ALL THE GOOD NEWS THAT’S FIT TO PRINT - 10 PUBLICATIONS - OVER 350,000 READERS PER MONTH! - CHAMPION OF NON-PROFITS

    Discussing first report cards with your children

    submitted by MKPlus, mkplusnewtown.com

    First report cards are showing up for most students.

    Parents are already attending back to-school nights, and parent-teacher conferences and are faced with having to react to these first school reports.

    Following are some strategies for talking to children and adolescents about school reports.

    *Never forget that all students want to be successful in school!

    *All students, whether elementary, middle or high school is sensitive to their parents’ responses to their report cards. Students want parents to think of them as being successful in school.

    *High school students, in particular, are keenly aware of their standing as it relates to their peers. They understand the impact of their grades on college choices. 

    *Do not mistake displays of irritation or indifference by your students as apathy about their grades. 

    *Every student knows at some level that grades matter.

    *If receiving a positive report card, parents should compliment the achievement. Parents might praise the behaviors of their child that contributed to this result.

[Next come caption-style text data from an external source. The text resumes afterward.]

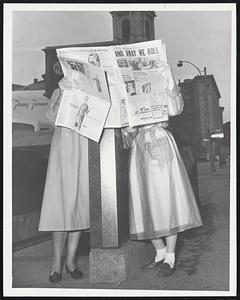 "Catchin' up on the news" Hidden behind papers LtR. Miss Jewel M Bland. Miss Janet A Byron both of Westwood.
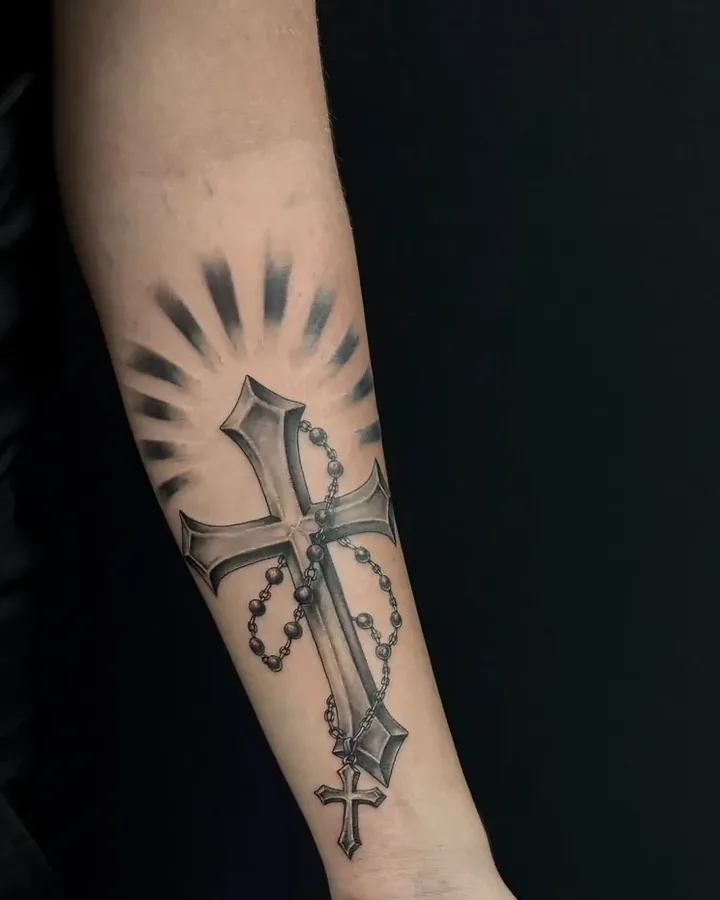 Black and grey cross with a rosary and light rays, on a forearm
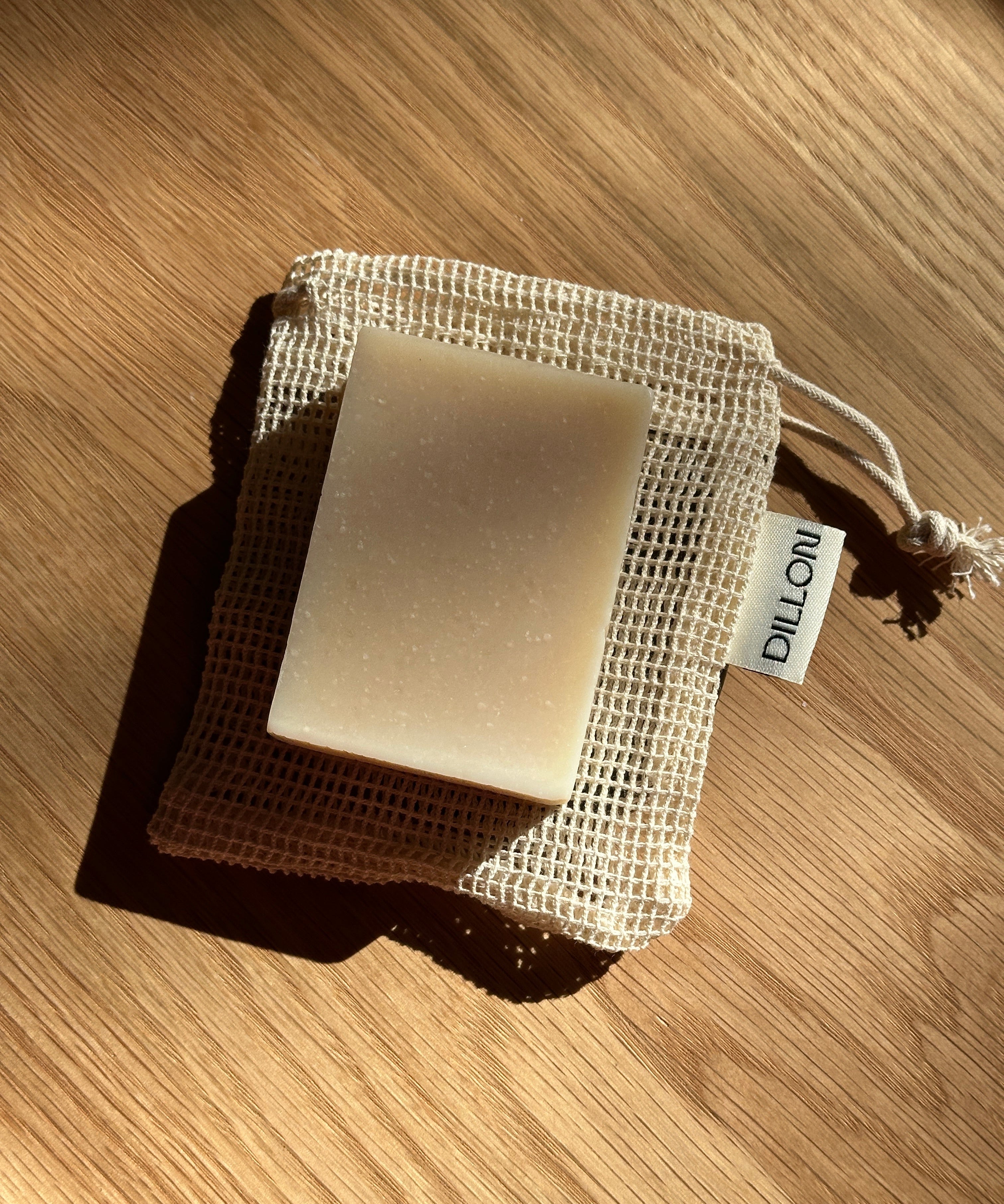 A rectangular bar of soap in a beige mesh drawstring pouch, photographed on a wooden surface with strong sunlight and shadows. A small tag on the pouch reads DILLON.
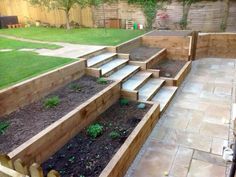 an outdoor garden with steps leading up to the grass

Parents could call out for praise the child who regularly does her homework; diligently studies for tests; cooperates in school; and takes pride in her achievements.

    *If the report card is mixed or more negative, take time to first examine your own feelings. For example, are you upset, worried, or frustrated? Think in advance about how to address these feelings before speaking with your son or daughter.

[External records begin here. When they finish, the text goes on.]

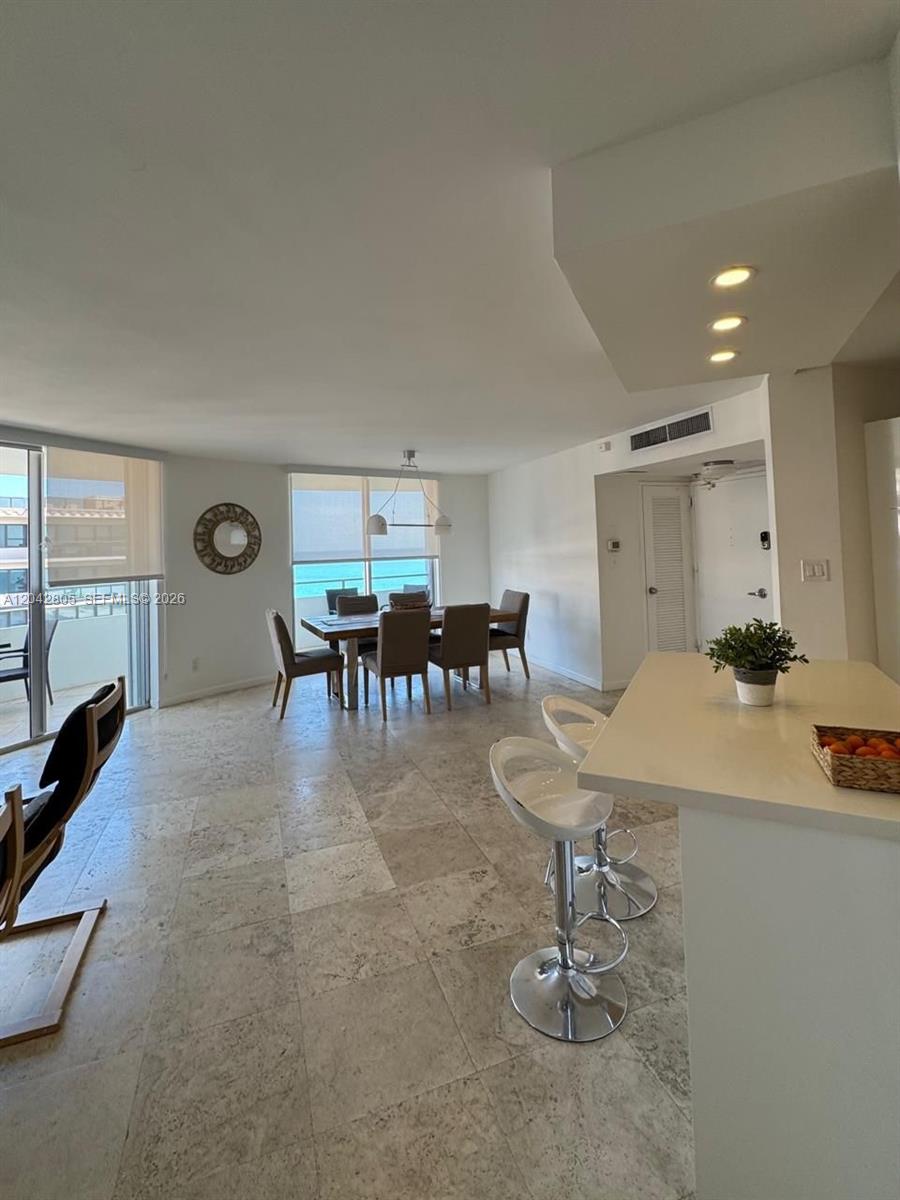 An open-concept living and dining area features light stone flooring and views of the ocean — 5161 E Collins Ave # 1612, Miami Beach FL 33140, MIAMI BEACH, FL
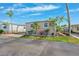 Charming single-story home with covered parking and well-manicured landscaping at 18675 Us Highway 19 N # 261, Clearwater, FL 33764
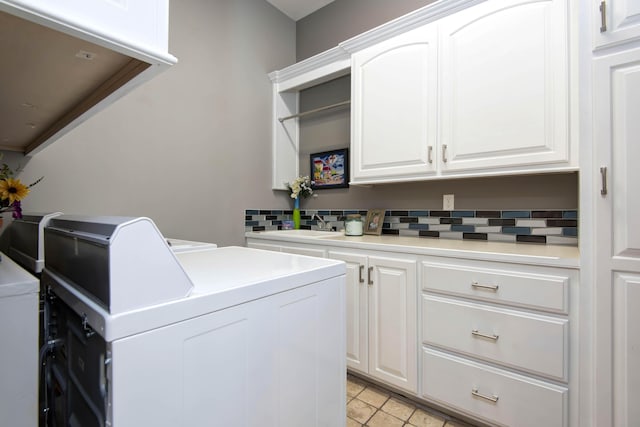 laundry area with washer and dryer, cabinet space, and light tile patterned floors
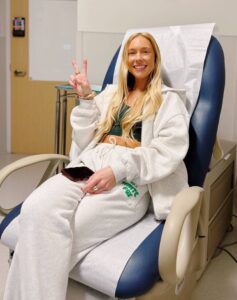 Tanner smiling in the treatment chair before chemotherapy.
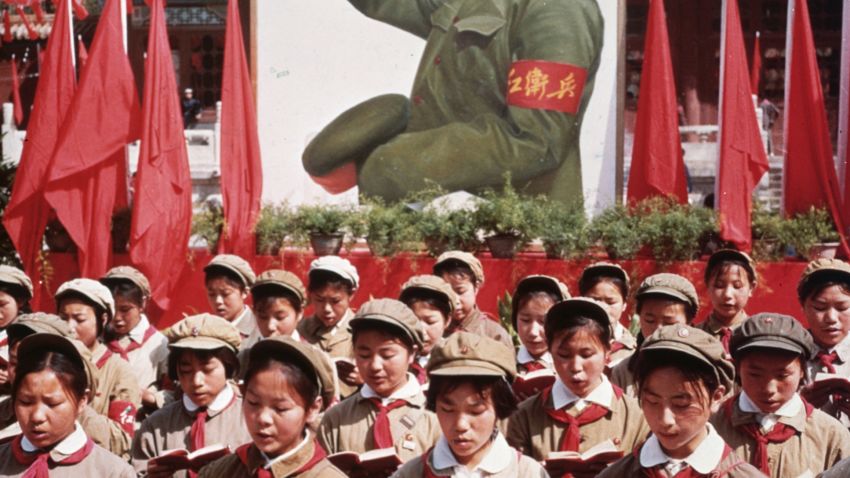 circa 1968: A group of Chinese children in uniform in front of a picture of Chairman Mao Zedong (1893 - 1976) holding Mao's 'Little Red Book' during China's Cultural Revolution.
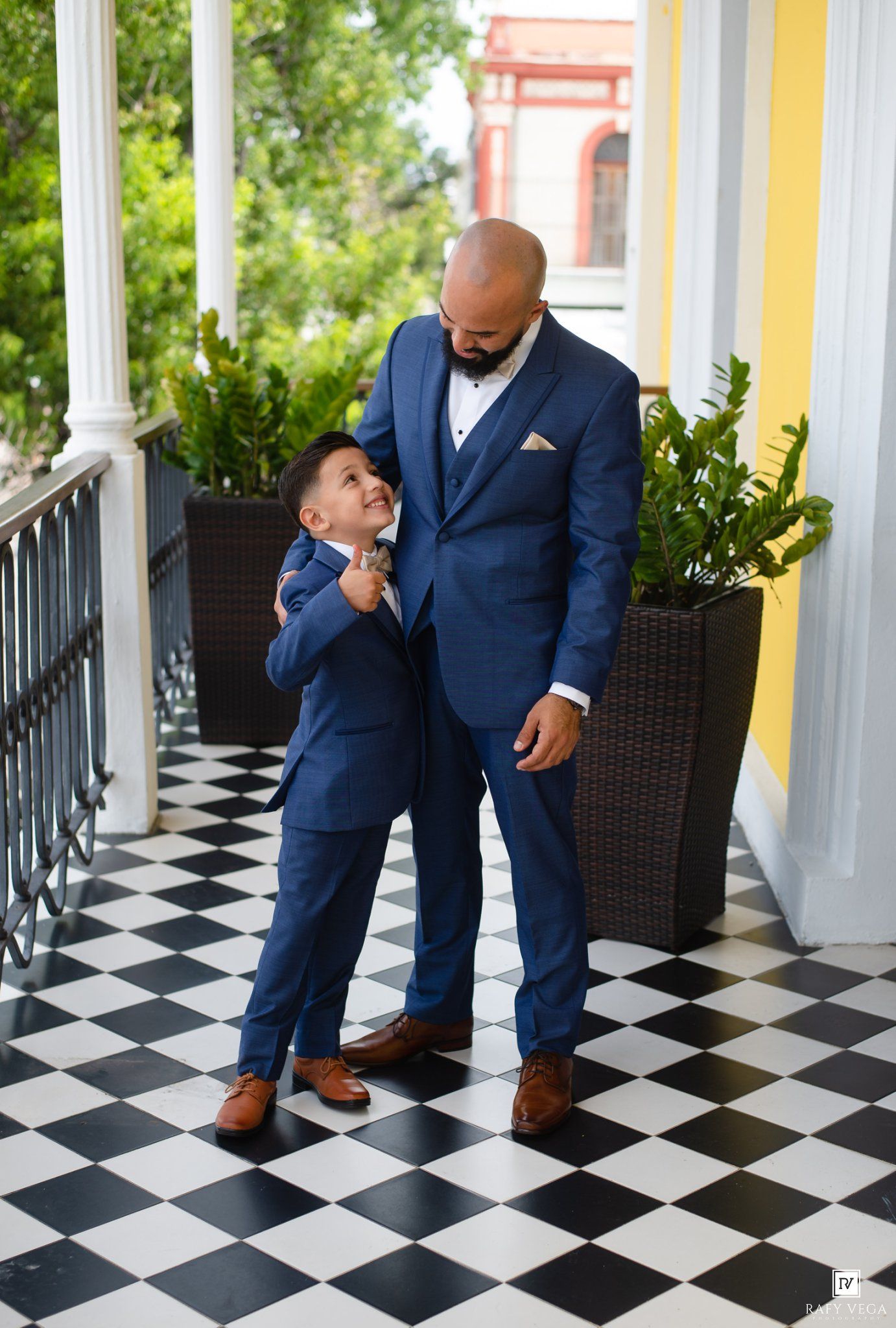 A man and young boy in matching blue suits stand on a checkered floor porch, sharing a sweet moment.
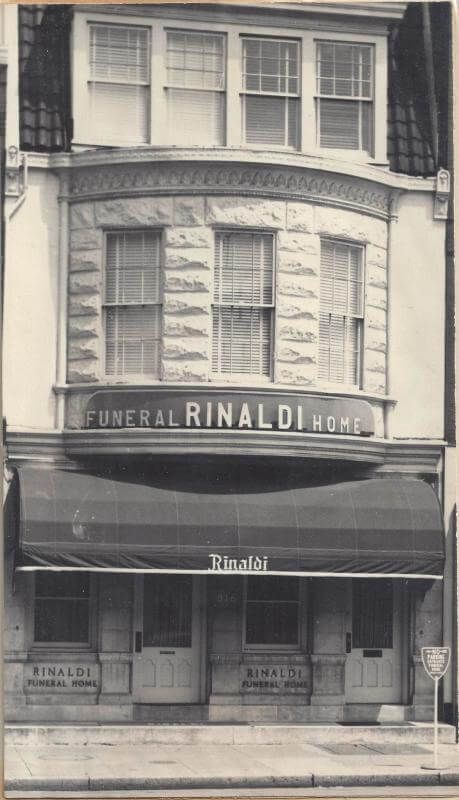 Black-and-white storefront with an awning and the sign “General Rinaldi Co.”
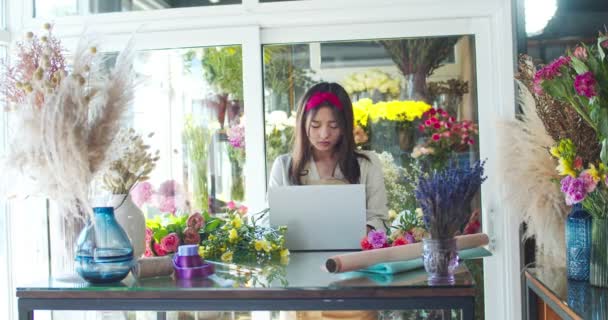 Boa aparência mulher asiática florista vestindo avental, trabalhando na loja de flores. Trabalhadora concentrada usando laptop para receber ordens através da Internet. Negócio, tecnologias, conceito de natureza. — Vídeo de Stock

    *Students can be disappointed that they did not get better grades.  Acknowledge their aspirations that their work should have resulted in higher grades. 

    *Talk to each child alone, not with siblings present.

    *Initial conversation should be no longer than 10-15 minutes. 

    *Start with positive things. End with an expression of encouragement. A hug never hurts.

    *Ask questions about the circumstances of school life, for example, go through their school day is like (friends, teachers,)

    *Consider whether any changes in family life are affecting school performance?

    *Be sure to inquire of teachers, coaches, and supervisors of extracurricular activities to get their input about your child. 

    *Be patient, progress happens slowly. Remember kids want to succeed and appreciate your support. 

    *Tell your children you love them and are proud of their efforts.